IL CORRIERE DELLA SERA – 4 gennaio 2013

 

La risposta di Sergio Romano a un lettore sulle terapie keynesiane (Corriere, 31 dicembre) mi ha fatto tornare alla mente uno scritto  di Franco Modigliani del 1976, quando la controversia fra keynesiani e monetaristi era altrettanto acuta come è oggi.

Modigliani  spiegava con grande chiarezza le due posizioni: “I nonmonetaristi – scriveva– accettano il messaggio centrale della Teoria generale [di Keynes] e cioè che un’economia di mercato… HA BISOGNO di politiche di stabilizzazione, PUÒ essere stabilizzata e di conseguenza DEVE essere stabilizzata, mentre di converso i  monetaristi pensano che non vi sia affatto bisogno di politiche di stabilizzazione e che, se anche ve ne fosse bisogno, non sarebbe il caso di farle perché esse rischierebbero di aumentare piuttosto che ridurre l’instabilità ed addirittura… che anche nel caso improbabile che queste politiche potessero essere utili, non è il caso di affidare ai governi queste responsabilità.”

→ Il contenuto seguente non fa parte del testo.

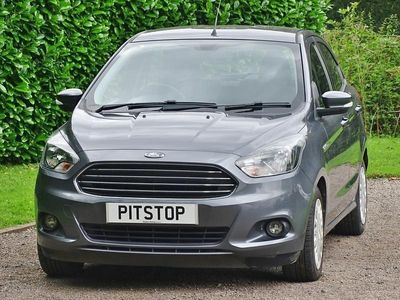 Ford Ka Plus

Il problema è che né la ricerca teorica né gli studi statistici ed econometrici sono stati in grado, finora, di dare una risposta definitiva su questo punto, cioè se il sistema di mercato tenda spontaneamente all’equilibrio di piena occupazione o no. Per questo c’è così tanta confusione, più o meno in tutto il mondo, sulle ricette di politica economica. Forse sarebbe bene pretendere che gli uomini politici e di governo esplicitino  chiaramente qual’è la loro opinione a questo proposito.

Per quello che mi riguarda io sottoscrivo totalmente quella che Modigliani chiamava la posizione dei nonmonetaristi.